Opening on Friday, October 13th and running to the 5th of November, “Luxury Universal Experience Presents Holme: A Tragedy in Six Acts by Jean Luc Depardeau Presented in UVX Format, brought to you by LUX” sure was a show. Holme was an intentionally awful film cobbled together from every terrible indie film sin and shot multiple times so that the audience could inject new elements at any point in its run time to try and “fix” it. Because these additional elements overlayed and crossed streams at multiple points, this meant that the film had to be shot, in full, 32 times. With the addition of elements digitally added in post, there were over 140 permutations of Holme. When asked for a quote, producer Alex Chmaj had this to say “I would like to formally apologize to my director, Matt Conrad.”
When pressed for something more substantive, he added that the shoot was “intensely, mind-numbingly grueling” but maintained that “pretty much everyone had a good time on that set.”
Special thanks to our long-suffering editor, Tim. 140 permutations is a lot of Holme.
The live portion of the show consisted of a number of scripted scenes, improv-heavy immersive segments, and deployable interactive props activated regularly throughout the course of the film. Centered around the failing attempts of the LUXos AI to run a successful and fun film screening and conspiracy theorists and cyberpunk rebel employees doing their best to stop it, the show was a tour de force of puns, pastiche, and sci-fi chicanery.
The true magic of the show lay in our proprietary voting mechanic. From their smartphones (or provided tablets), audience members could vote on changes they wanted made to both film and stage, with no two shows the same. Over the course of the show, audiences could subject the actors, the film, and themselves to increasingly ridiculous segments.
Make all the actors in the film wear roller-skates. Force the stage actors to do jumping jacks and run laps around the theater. Demand a break to make and throw paper airplanes. Turn the film into a space opera, complete with aliens. Lower a giant mustache over the screen. Over time, the film became entirely unwatchable, the show grew increasingly manic, and the AI completely broke, ending in a rousing Opera featuring every vote you’d made thus far and culminating in one of three major endings.

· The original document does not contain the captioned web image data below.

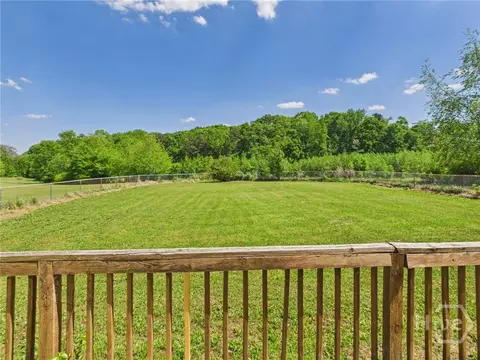 Exterior - 330 Scogin Rd, Colbert, GA 30628 photo 3 of 9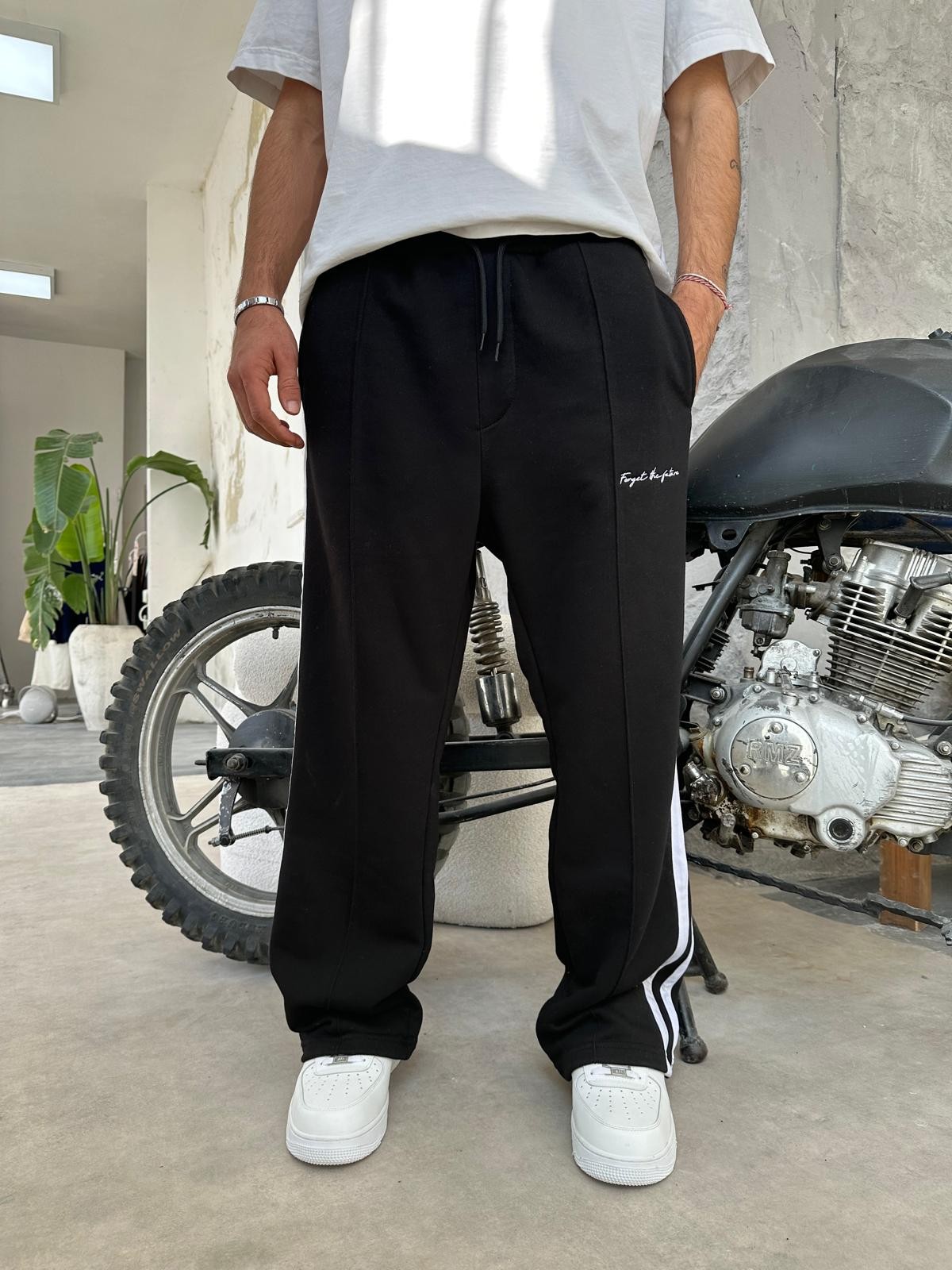 Forget The Future Siyah Baggy Oversize Eşofman 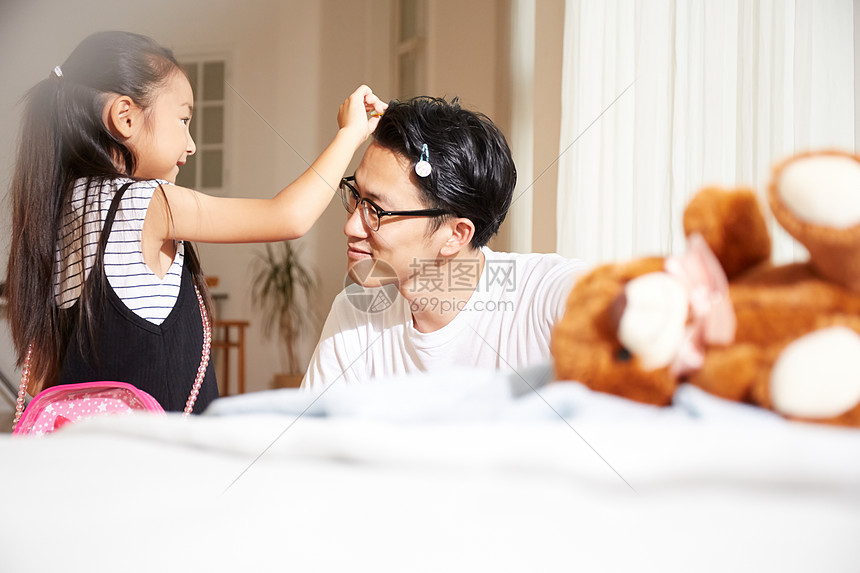 女儿给父亲带头饰图片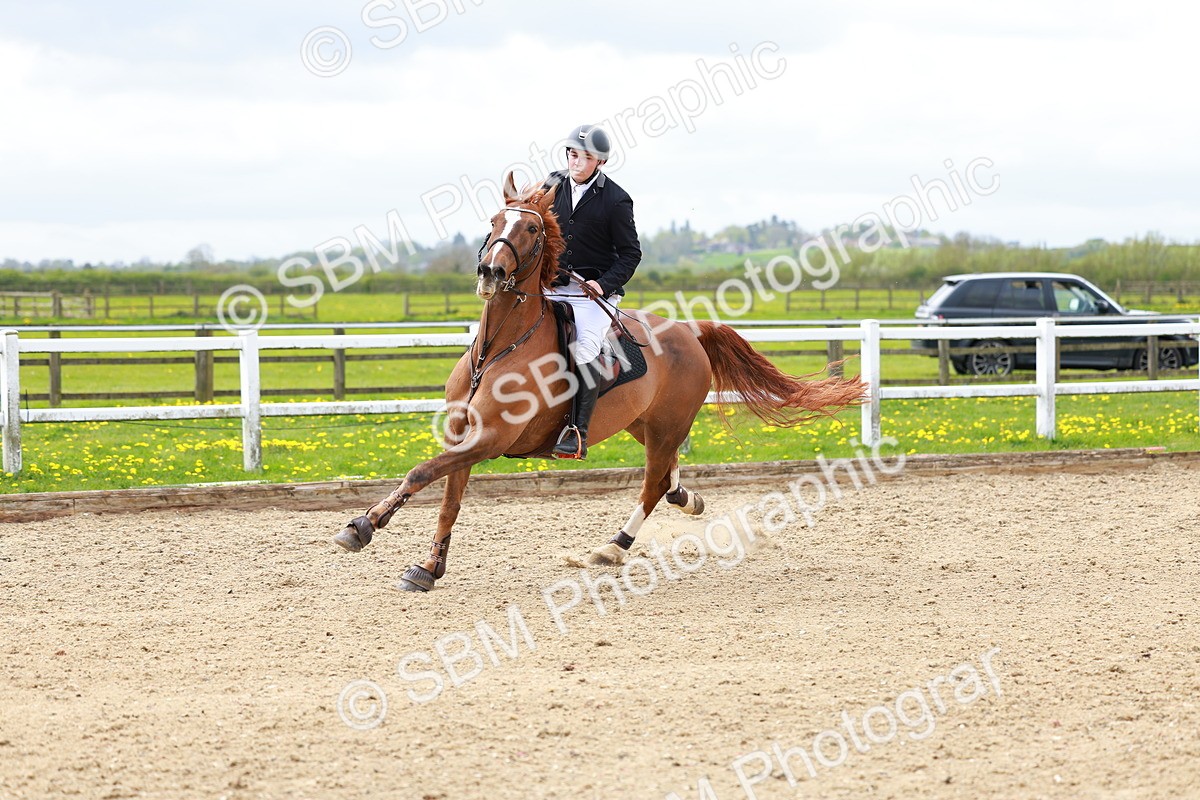 SBM_002486 - Class 10 - Senior Newcomers - 1.10m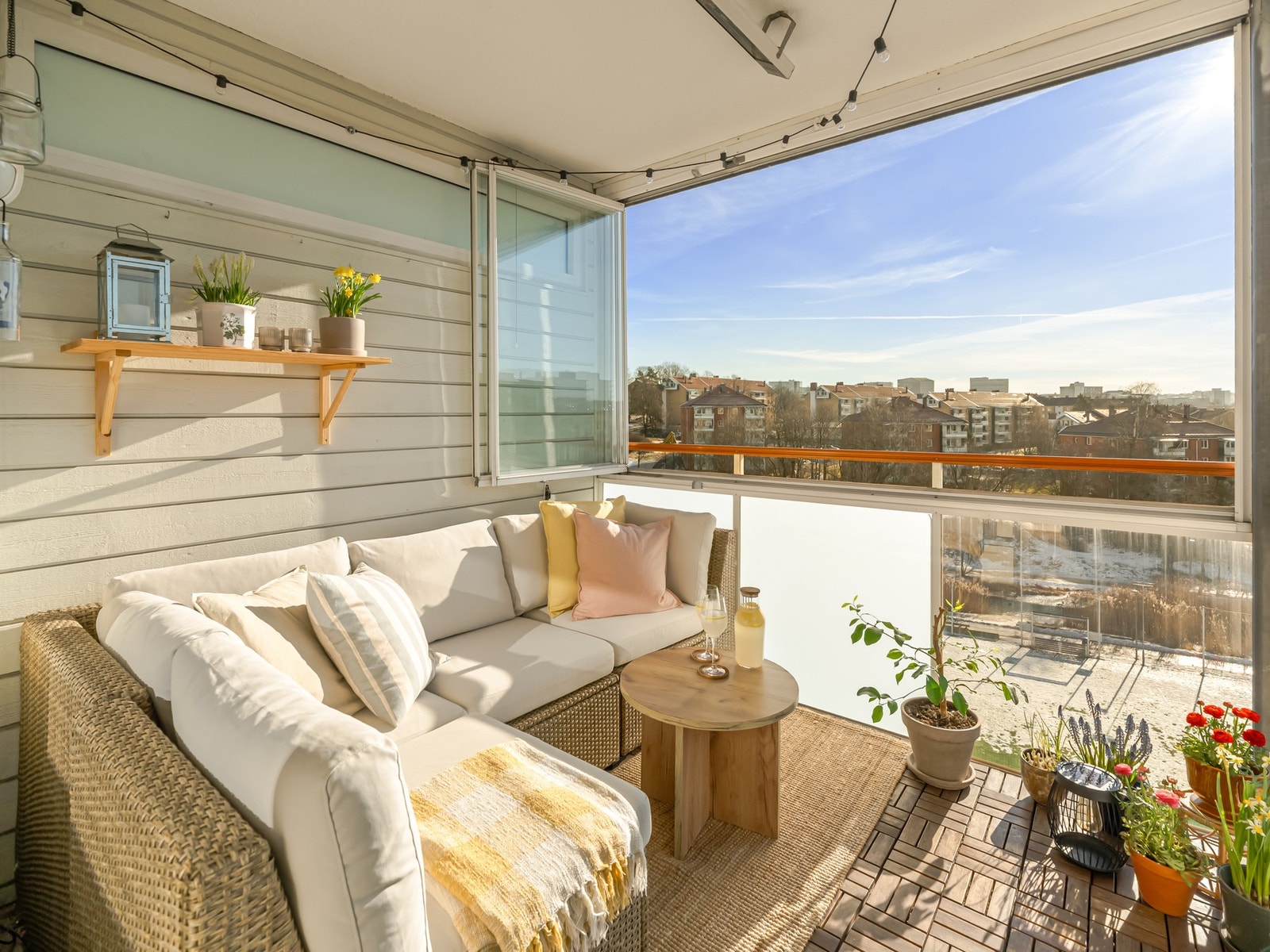 Her er det stort og romslig med god plass til å møblere etter ønske. Det er tillatt med med gass- eller elektrisk grill. Galleribilde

With Mass Effect 3’s infamous ending still in our heads, these endings were color coded to Red, Green, and Blue.
When asked for comment on the live show, Director Christian Vernon judo-threw me and jumped out a window screaming “You’ll never take me alive!”
Finally, after over 30 shows, the time came to take a step back, take a big breath, and realize with dawning horror all that we had wrought upon this unprepared earth. Our first year was seat-of-our-pants, and beset on all sides by stumbles and outside-context problems. The show was not well attended, and reviews were mixed, but we were still proud of what we had accomplished and the show we had made. The list of hard lessons learned could fill 30 pages, but the most important thing we learned was that we wanted to do this again, and do it better. We decided that this would not be a one-off production, and that the team that had been put together should keep making stuff.
That in mind, we girded our loins and began to plan for 2018.